Just a quick pedantic note to the otherwise good explanation -- since 
the light beams in his example are arriving at the same point, z, he can 
of course be sure what "arrive at the same time" means.


As far as Tim's concern here goes, you can actually resolve it perfectly 
well without need for relativity.  Think of ripples in a pond.  If I 
throw a pebble into the pond, or drag a stick through it, the ripples 
from these two sources will move at the same speed, even though the 
stick is moving with respect to the surface of the water and the pebble 
is not (assume of course that the stick is moving slower than the 
ripples do).  Viewing light in this way as waves propagating through a 
medium (rather than particles as it seems you're thinking) is very close 
to the pre-relativity view of light, and you can see how the speed of 
light in this case would be independent of the speed of the source.

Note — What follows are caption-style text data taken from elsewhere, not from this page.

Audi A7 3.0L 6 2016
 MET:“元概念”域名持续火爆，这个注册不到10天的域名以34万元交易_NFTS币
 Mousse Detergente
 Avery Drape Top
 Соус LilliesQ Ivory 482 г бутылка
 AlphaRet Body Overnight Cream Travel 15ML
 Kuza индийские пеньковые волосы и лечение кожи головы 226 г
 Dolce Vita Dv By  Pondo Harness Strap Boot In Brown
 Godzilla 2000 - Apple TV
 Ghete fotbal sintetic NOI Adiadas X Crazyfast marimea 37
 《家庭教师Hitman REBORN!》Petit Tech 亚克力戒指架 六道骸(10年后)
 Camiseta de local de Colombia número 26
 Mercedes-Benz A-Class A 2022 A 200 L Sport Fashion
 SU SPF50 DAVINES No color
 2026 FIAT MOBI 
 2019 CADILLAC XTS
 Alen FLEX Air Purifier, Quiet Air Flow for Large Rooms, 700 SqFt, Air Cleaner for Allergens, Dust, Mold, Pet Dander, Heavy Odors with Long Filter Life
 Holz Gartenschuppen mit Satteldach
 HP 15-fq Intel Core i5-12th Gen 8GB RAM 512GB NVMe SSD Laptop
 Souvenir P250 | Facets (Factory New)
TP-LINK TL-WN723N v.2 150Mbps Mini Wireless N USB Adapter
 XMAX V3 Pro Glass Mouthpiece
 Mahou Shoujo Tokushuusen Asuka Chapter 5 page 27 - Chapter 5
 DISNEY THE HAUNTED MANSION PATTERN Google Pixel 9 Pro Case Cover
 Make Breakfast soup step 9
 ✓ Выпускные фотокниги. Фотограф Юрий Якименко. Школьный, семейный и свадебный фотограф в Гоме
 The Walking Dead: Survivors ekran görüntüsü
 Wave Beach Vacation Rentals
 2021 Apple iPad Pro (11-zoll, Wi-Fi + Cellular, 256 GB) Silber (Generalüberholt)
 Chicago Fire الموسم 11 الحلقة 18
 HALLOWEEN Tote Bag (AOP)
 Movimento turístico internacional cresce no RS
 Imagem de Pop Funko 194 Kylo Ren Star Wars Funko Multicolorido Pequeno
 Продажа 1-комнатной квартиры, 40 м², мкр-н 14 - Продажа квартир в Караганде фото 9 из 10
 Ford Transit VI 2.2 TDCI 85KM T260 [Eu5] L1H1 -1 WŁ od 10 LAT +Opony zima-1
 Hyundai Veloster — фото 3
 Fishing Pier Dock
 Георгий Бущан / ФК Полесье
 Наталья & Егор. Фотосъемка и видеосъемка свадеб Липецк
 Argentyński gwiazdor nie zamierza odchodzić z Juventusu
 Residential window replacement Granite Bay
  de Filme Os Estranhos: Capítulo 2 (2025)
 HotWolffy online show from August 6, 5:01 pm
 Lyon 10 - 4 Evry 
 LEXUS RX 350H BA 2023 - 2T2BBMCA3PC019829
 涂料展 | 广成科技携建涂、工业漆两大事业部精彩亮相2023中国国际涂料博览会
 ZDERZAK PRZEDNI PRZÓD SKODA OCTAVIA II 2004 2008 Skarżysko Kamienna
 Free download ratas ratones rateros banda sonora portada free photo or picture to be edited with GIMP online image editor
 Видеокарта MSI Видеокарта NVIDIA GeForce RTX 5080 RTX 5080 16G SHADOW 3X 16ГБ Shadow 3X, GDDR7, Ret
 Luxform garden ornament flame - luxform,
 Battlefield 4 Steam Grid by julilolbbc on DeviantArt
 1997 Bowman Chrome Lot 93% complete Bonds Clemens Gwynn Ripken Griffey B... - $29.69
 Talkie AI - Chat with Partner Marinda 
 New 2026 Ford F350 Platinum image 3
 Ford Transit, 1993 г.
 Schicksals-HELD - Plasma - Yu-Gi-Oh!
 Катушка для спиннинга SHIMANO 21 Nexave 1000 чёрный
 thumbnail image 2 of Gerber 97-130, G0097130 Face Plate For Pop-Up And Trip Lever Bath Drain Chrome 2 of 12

The surprising bit in relativity, of course, is that it's also 
independent of the speed of the observer.  And in fact, as clipka has 
alludes to before, this has actually been verified by experiment: 
http://en.wikipedia.org/wiki/Michelson%E2%80%93Morley_experiment among 
others.

Intuitively, the concept might be made more palatable by an analogy to 
classical mechanics.  Let's say you're locked inside a train moving 
straing at a constant speed with no windows on a perfectly smooth track. 
  What experiment could you do that would tell you how fast you were 
moving?  If you drop a ball you'll see that it always looks to you like 
it falls straight down and gives no hit as yo your speed.  You'll find 
that any mechanical experiment you concoct behaves the same way -- 
exactly as it would if it were at rest.  In some sense this isn't too 
surprising since we hardly notice the the earth is racing through space 
at thousands of miles per hour.

So on some level, it's intuitive that you can't do an experiment to tell 
you what your "absolute" velocity is, you can only determine relative 
velocities, for instance determining the velocity of the train relative 
to the earth by looking out a window (if there were one).

The theory of relativity derives from assuming that this principle 
*also* applies to experiments involving electromagnetic phenomena, such 
as light, and that these too can't be used to determine your absolute 
velocity.  It turns out that this being the case leads to a view of 
space and time which is different from the naive one in a manner such as 
clipka described, but omitting this counter-intuitive result the 
postulates leading to it are actually quite sensible.